## TASK PROMPT
Retype only what runs from the line with "父子俩吃定赵本山，才76岁就赶着过80大寿？直言：礼金够花20年" through the end of the entries, exactly and in full, but omit any picture you find.

[Stored entries]
◆ ◆ ◆ ◆ ◆ ◆ ◆
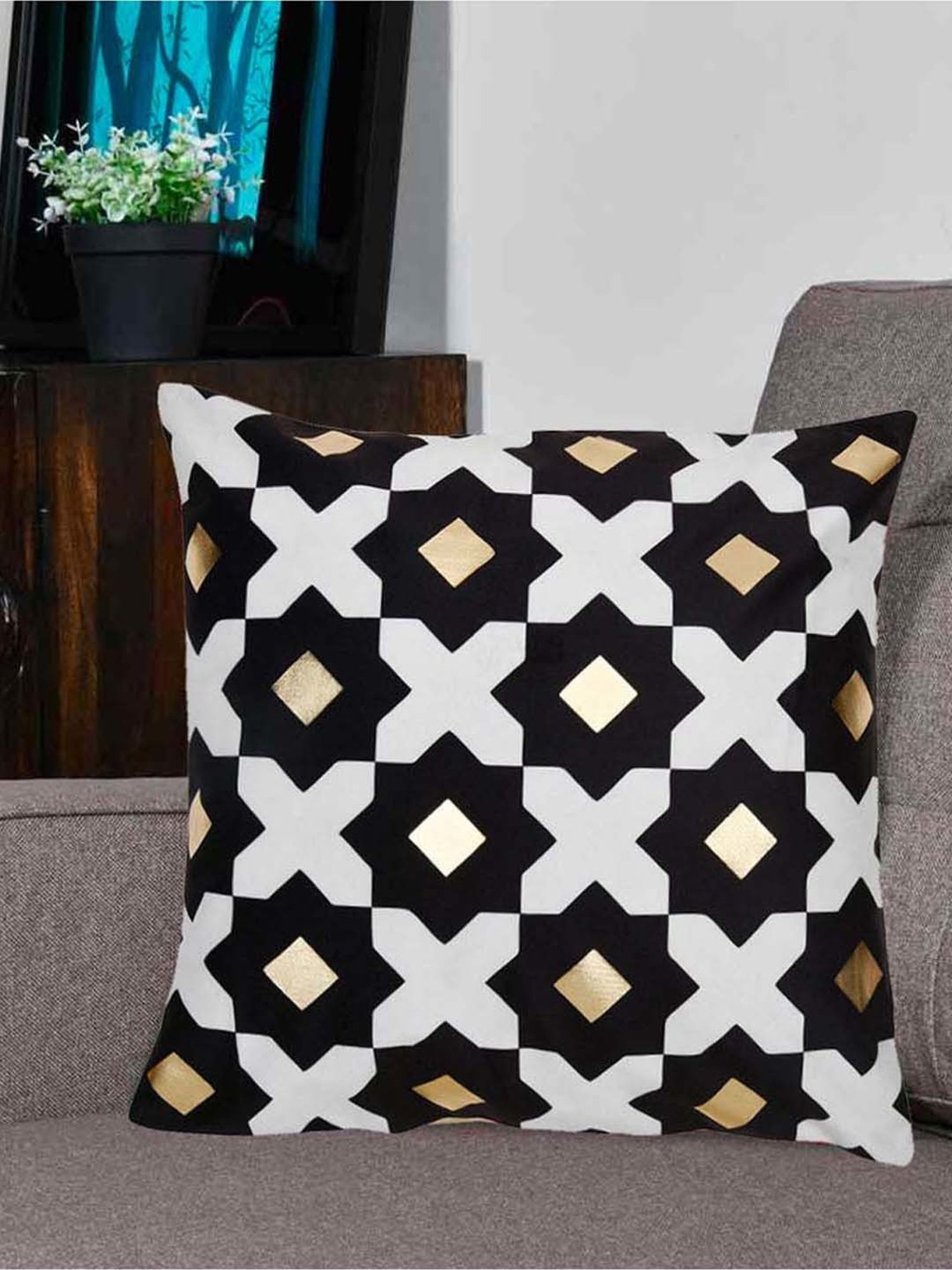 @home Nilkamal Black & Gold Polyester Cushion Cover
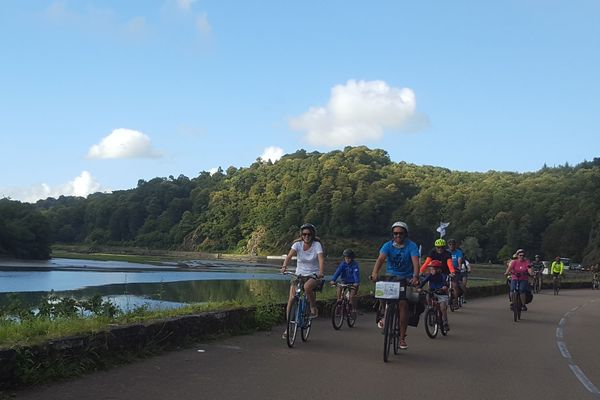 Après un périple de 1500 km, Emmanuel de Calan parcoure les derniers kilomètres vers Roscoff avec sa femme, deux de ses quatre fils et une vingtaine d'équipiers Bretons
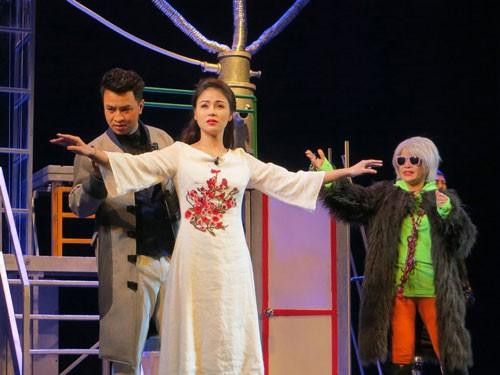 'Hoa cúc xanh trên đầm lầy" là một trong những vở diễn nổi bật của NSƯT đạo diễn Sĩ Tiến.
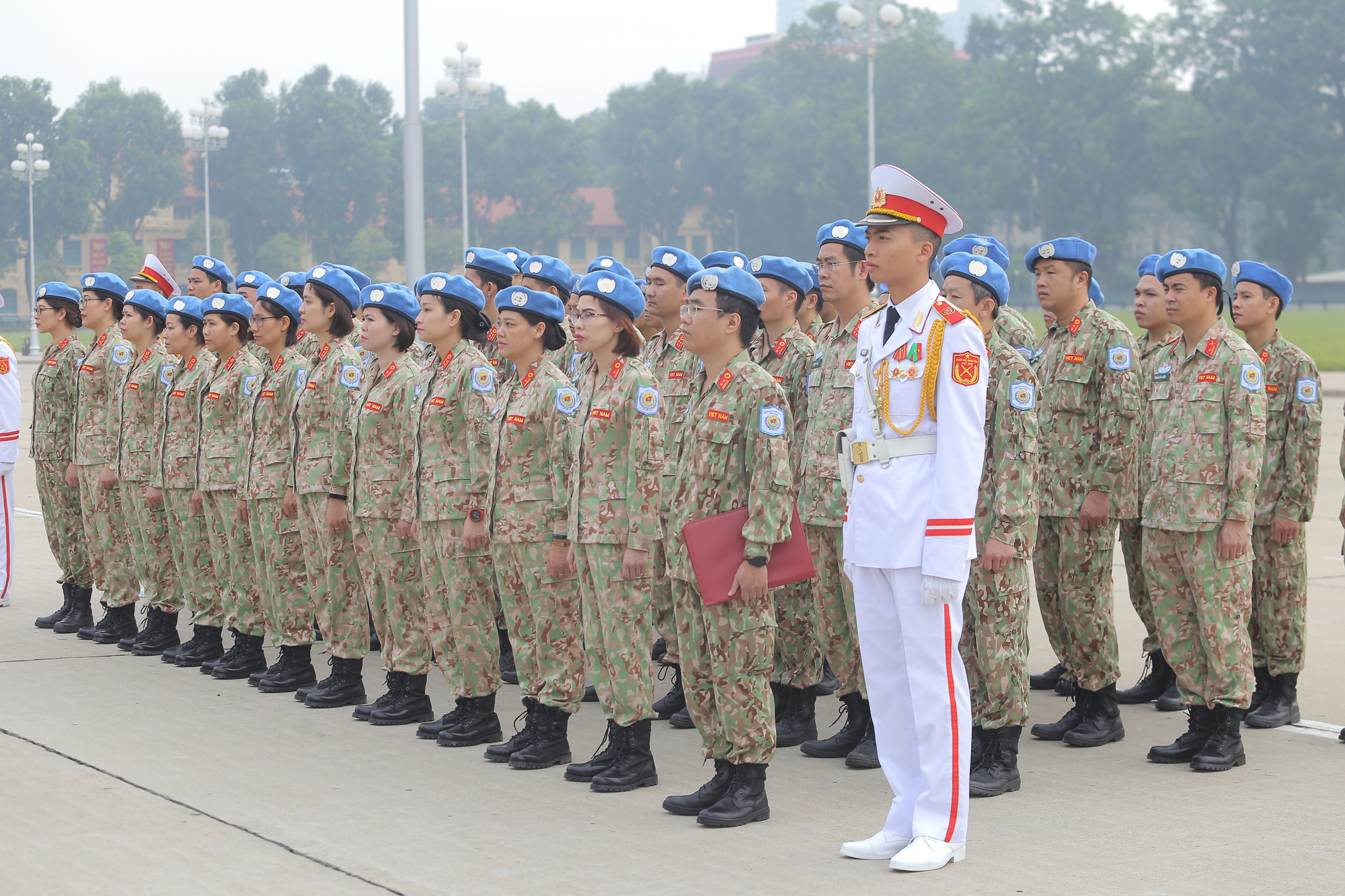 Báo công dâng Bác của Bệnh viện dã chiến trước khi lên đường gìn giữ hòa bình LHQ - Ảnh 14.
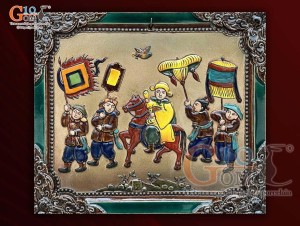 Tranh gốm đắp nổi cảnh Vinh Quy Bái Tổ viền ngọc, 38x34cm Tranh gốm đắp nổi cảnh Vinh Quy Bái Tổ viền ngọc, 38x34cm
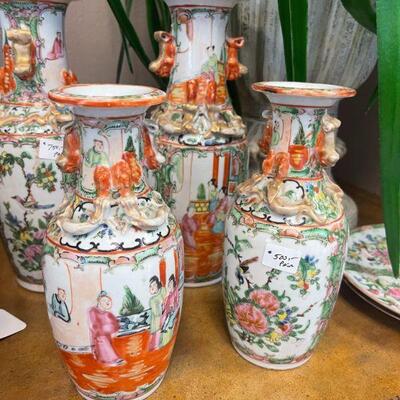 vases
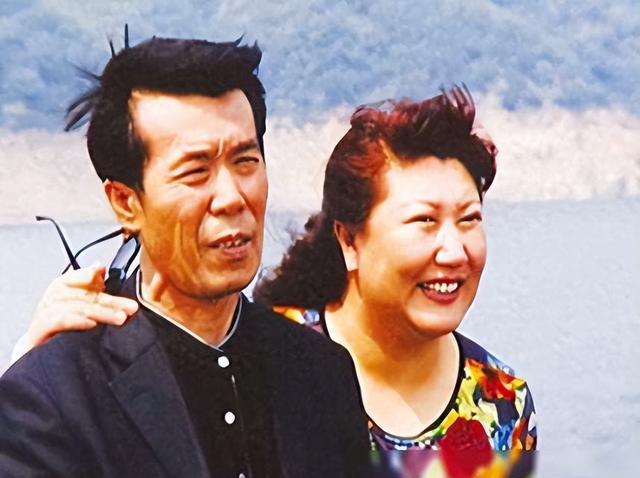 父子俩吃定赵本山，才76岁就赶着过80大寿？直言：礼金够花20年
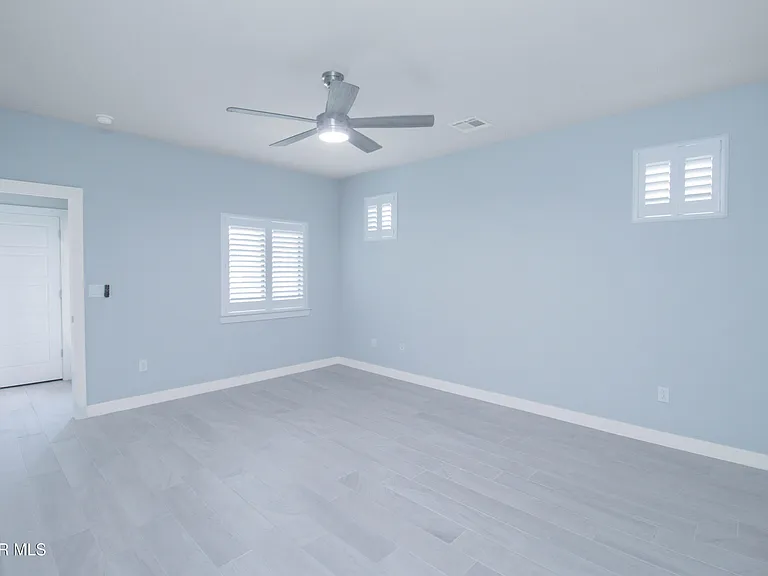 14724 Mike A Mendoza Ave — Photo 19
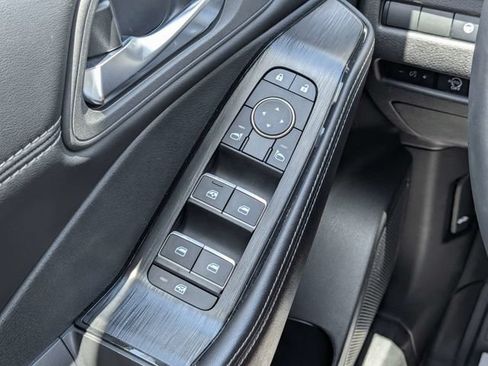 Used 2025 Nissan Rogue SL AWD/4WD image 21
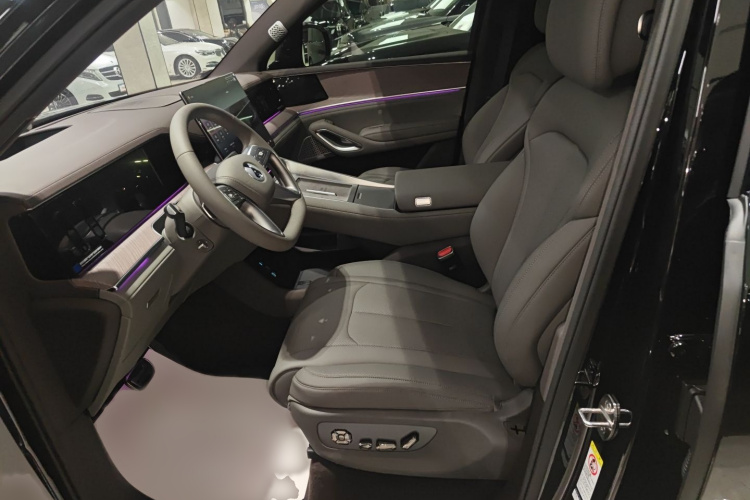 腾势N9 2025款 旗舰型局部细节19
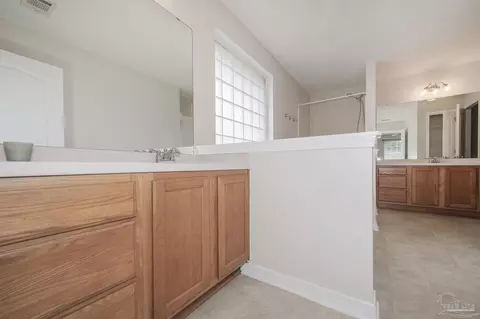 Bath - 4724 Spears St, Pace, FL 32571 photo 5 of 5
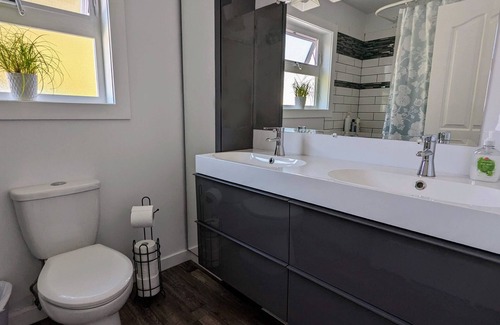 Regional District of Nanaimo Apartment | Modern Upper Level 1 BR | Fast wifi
◆ ◆ ◆ ◆ ◆ ◆ ◆
## WRITTEN RESPONSE
 父子俩吃定赵本山，才76岁就赶着过80大寿？直言：礼金够花20年
 14724 Mike A Mendoza Ave — Photo 19
 Used 2025 Nissan Rogue SL AWD/4WD image 21
 腾势N9 2025款 旗舰型局部细节19
 Bath - 4724 Spears St, Pace, FL 32571 photo 5 of 5
 Regional District of Nanaimo Apartment | Modern Upper Level 1 BR | Fast wifi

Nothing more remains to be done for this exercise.